(Records from a data collection)
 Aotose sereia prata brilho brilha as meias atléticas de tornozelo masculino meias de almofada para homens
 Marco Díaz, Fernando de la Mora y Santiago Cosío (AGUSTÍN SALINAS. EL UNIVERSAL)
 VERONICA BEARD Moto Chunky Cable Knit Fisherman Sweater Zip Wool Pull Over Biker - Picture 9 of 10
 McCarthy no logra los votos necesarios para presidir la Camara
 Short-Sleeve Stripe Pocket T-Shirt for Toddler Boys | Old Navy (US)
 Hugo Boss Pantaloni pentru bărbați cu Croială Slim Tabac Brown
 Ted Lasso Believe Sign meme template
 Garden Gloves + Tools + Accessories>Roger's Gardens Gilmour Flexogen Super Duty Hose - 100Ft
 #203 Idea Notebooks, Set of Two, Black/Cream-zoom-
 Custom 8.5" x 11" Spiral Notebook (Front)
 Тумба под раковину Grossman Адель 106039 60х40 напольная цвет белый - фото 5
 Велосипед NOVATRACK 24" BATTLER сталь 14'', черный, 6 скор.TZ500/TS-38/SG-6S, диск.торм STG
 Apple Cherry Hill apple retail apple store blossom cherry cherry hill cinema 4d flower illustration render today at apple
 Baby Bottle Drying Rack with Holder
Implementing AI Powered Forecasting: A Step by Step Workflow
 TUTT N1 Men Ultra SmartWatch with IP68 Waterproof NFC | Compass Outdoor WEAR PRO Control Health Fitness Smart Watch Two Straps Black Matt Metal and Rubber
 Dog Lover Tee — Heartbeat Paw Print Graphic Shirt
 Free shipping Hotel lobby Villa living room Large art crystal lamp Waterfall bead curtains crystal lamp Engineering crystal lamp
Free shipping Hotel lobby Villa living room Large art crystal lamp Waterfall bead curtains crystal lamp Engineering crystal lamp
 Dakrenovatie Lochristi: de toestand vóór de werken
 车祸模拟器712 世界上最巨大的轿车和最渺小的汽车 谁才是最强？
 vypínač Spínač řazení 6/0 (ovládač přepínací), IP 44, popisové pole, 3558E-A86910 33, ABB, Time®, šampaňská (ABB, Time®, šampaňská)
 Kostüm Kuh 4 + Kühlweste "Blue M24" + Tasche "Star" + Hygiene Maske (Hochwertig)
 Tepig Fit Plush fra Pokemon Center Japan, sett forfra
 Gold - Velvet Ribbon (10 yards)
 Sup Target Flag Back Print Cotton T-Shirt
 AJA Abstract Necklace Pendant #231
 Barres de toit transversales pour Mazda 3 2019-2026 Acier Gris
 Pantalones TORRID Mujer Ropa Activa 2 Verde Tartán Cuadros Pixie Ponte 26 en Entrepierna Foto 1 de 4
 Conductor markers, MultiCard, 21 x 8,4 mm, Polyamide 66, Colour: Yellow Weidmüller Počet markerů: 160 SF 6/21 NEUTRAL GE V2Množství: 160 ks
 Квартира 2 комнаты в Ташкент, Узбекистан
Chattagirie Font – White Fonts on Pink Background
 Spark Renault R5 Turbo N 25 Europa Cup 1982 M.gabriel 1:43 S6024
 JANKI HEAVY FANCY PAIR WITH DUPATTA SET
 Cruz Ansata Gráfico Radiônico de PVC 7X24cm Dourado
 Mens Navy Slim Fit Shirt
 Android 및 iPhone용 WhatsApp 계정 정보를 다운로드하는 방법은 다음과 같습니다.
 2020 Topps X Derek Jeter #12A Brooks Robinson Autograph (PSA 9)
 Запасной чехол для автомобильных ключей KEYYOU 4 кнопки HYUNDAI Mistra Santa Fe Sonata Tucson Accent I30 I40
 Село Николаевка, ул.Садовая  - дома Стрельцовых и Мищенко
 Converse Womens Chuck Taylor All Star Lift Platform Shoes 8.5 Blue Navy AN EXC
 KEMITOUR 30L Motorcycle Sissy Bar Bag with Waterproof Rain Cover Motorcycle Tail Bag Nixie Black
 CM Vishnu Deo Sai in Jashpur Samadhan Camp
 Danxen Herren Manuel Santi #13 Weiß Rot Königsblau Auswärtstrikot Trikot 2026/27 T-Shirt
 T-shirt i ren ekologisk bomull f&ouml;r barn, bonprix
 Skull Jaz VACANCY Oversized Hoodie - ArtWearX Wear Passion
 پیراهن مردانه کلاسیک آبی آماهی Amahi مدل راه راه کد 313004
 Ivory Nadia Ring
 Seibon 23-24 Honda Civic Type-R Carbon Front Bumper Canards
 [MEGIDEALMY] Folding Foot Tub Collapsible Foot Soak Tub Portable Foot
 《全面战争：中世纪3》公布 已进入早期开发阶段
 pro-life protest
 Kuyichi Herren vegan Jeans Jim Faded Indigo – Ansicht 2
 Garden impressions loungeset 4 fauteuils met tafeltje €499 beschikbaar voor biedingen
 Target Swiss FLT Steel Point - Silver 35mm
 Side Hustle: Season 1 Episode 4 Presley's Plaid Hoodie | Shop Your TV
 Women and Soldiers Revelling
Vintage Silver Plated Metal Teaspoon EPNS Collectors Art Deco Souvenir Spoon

== Task to complete ==
Please write out, exactly as they appear above, only the lines in the stretch from the line with "Short-Sleeve Stripe Pocket" through the line with "Implementing AI Powered".

== Result of the task ==
 Short-Sleeve Stripe Pocket T-Shirt for Toddler Boys | Old Navy (US)
 Hugo Boss Pantaloni pentru bărbați cu Croială Slim Tabac Brown
 Ted Lasso Believe Sign meme template
 Garden Gloves + Tools + Accessories>Roger's Gardens Gilmour Flexogen Super Duty Hose - 100Ft
 #203 Idea Notebooks, Set of Two, Black/Cream-zoom-
 Custom 8.5" x 11" Spiral Notebook (Front)
 Тумба под раковину Grossman Адель 106039 60х40 напольная цвет белый - фото 5
 Велосипед NOVATRACK 24" BATTLER сталь 14'', черный, 6 скор.TZ500/TS-38/SG-6S, диск.торм STG
 Apple Cherry Hill apple retail apple store blossom cherry cherry hill cinema 4d flower illustration render today at apple
 Baby Bottle Drying Rack with Holder
Implementing AI Powered Forecasting: A Step by Step Workflow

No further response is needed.